Therefore, in this thesis a novel mixture fraction based FSSF approach is used to stochastically model the fluctuating temperature and composition of the gas phase. These gas-phase reactive scalars are then used to refine the estimates of the heat and mass transfer rates between the droplets and the surrounding gas-phase. It is assumed that the fluctuations in the gas-phase reactive scalars are inherently associated with the fluctuation of a single conserved scalar, namely instantaneous mixture fraction. Instantaneous value of the gas-phase reactive scalars seen by individual droplets is then estimated from the instantaneous gas-phase mixture fraction, which is obtained as the Weiner process by randomly sampling a known beta-function probability density function (PDF) of the local mixture fraction field. Finally, Favre mean value of the gas-phase scalars are recovered as appropriate moments of the PDF. The present definition of the mixture fraction based on its instantaneous value facilitate exact calculation of the source terms in the transport equation for variance of the mixture fraction, whereas conventional definition leads to terms which require further modeling and simplifications. The present FSSF model also accounts for the possibility of existence of an envelope flame between the droplet and the bulk gas-phase, which greatly increases the heat and mass transfer rates to the droplet. The present model allows us to treat the occurrence of envelope flame separately which is otherwise neglected in the conventional spray combustion models.
The FSSF model is implemented into a numerical code, and different well-defined nonreacting and reacting turbulent spray jets are investigated. For the reacting spray jets, single-step irreversible reaction with infinitely fast chemistry is assumed in the body of the flow. In such cases special care must be taken with modeling the upstream boundary condition. This is because the flow from the spray jet nozzle is unreacted and yet it becomes well reacted shortly downstream. Numerical results are compared against experimental measurements as well as with predictions using the CSSF approach. Numerical results from the FSSF and CSSF model are almost identical for the nonreacting spray jets, where the fluctuations in the gas-phase scalars are relatively low.
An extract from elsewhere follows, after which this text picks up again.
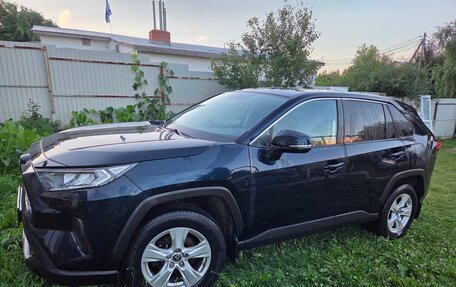 Toyota RAV4, 2019 год, 2 750 000 рублей, 1 фотография
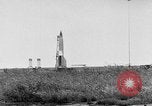 Standbild horizontalen Flug Weg der deutschen A-4 Rakete Peenemunde Deutschland, 1942, aus Sekunde 1 historischem Filmmaterial Videoclip 65675077995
For the reacting sprays, significant differences are found between the results of the FSSF and CSSF models for the reacting spray jets, where the fluctuations in the reactive scalars are high. The FSSF model reasonably predicts many features of the jet spray flames, such as flame length, gas-phase temperature, and spray droplet velocity/diameter distribution; results appear to be close to the experimental measurements.
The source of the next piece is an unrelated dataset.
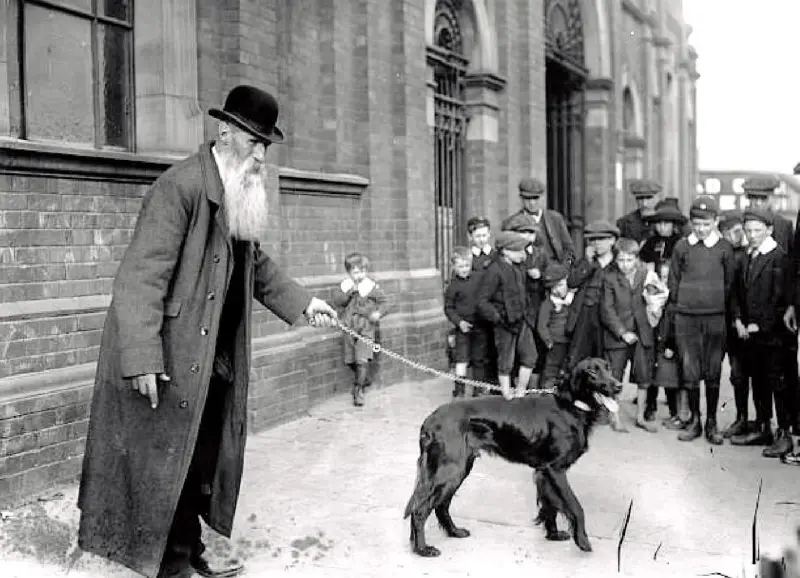  Outside St George's Market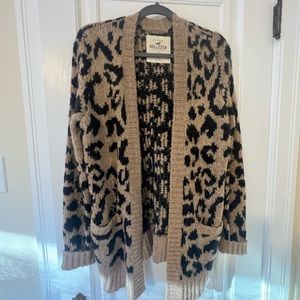 Animal print cardigan with pockets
Finally, the combustion characteristics of the reacting spray jets are studied following classical group combustion theory. It shows that these spray jets have external group combustion mode near the nozzle-exit. Transition to internal group combustion takes place at different downstream locations based on the droplet loading and equivalence ratio at the nozzle-exit, whereas single droplet combustion regime is observed near the tip of the visible flame. Another alternate approach to study the combustion behavior of a cloud is proposed based on fraction of droplets having i) no envelope flame, ii) envelope flame, iii) extinguished envelope flame due to high slip velocity, iv) extinguished envelope flame due to droplet diameter being too small, v) both iii) and iv) above. Based on these, different group combustion behavior of the reacting spray jets are interpreted.